== INPUT DATA ==
###

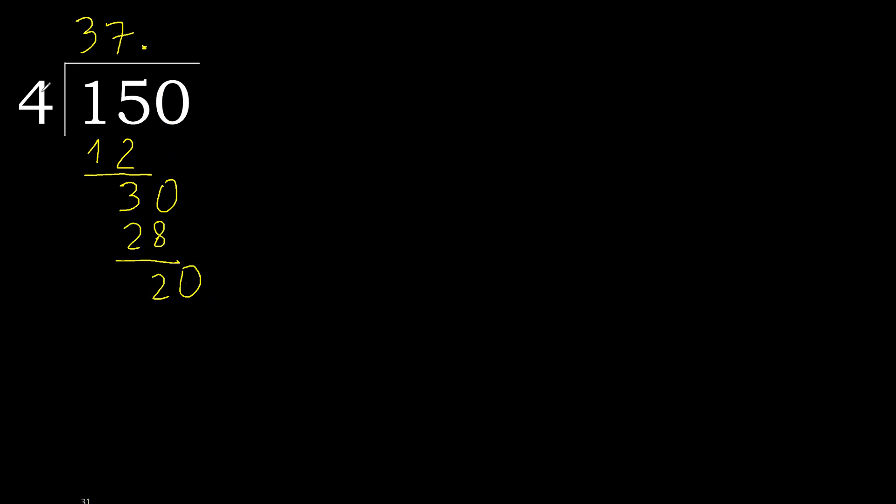20. 4 multiplied by 6, 24 is greater. 4 multiplied by 5, 20 is not greater. 20 minus 20 equals 0. Therefore finish it. 150 divided by 4 is here.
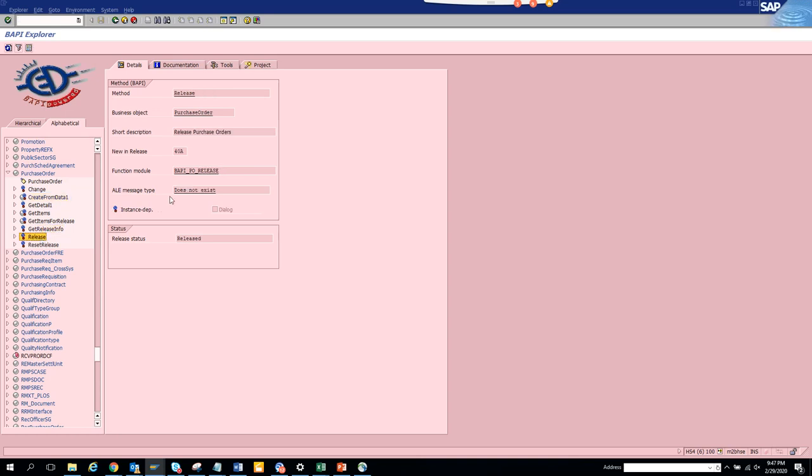Releasing you don't have. So they have a reason when you have something ALE message type, it's something that you can do from outside SAP through an IDOC. So get details for sure you will have because you want to extract the data from SAP to outside like an Ariba system or any other systems. So this is very important.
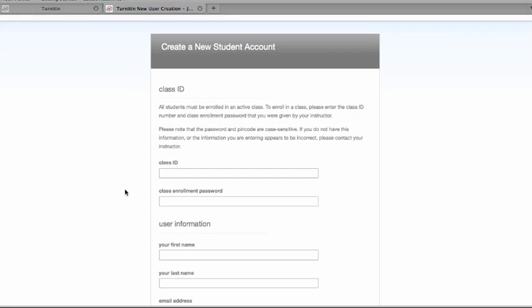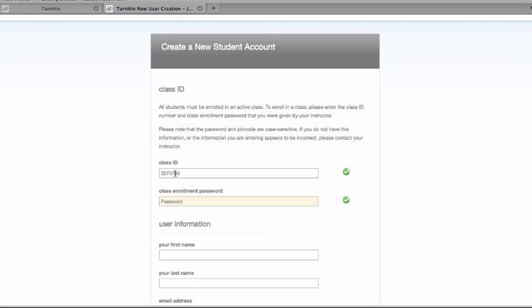Once you have that information, you can then go ahead and enter the class ID number and the class enrollment password, and the password is case sensitive.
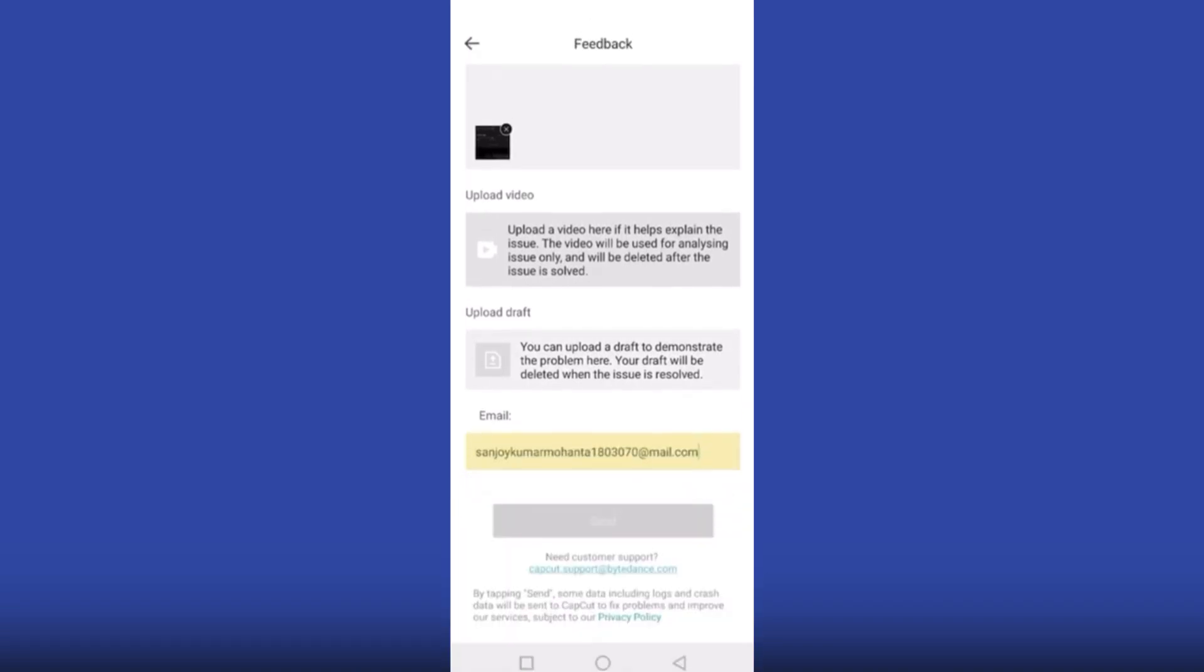After that, customer service will take care of it and provide resolutions. Sometimes it may differ from reason to reason. For example, your device may not support this feature. In this case, you can use the PC version to download CapCut and maybe the problem will be solved.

###

Copy out nothing but text: transcribe the listing exactly and skip each picture.

== ANSWER BOX ==
20. 4 multiplied by 6, 24 is greater. 4 multiplied by 5, 20 is not greater. 20 minus 20 equals 0. Therefore finish it. 150 divided by 4 is here.
Releasing you don't have. So they have a reason when you have something ALE message type, it's something that you can do from outside SAP through an IDOC. So get details for sure you will have because you want to extract the data from SAP to outside like an Ariba system or any other systems. So this is very important.
Once you have that information, you can then go ahead and enter the class ID number and the class enrollment password, and the password is case sensitive.
After that, customer service will take care of it and provide resolutions. Sometimes it may differ from reason to reason. For example, your device may not support this feature. In this case, you can use the PC version to download CapCut and maybe the problem will be solved.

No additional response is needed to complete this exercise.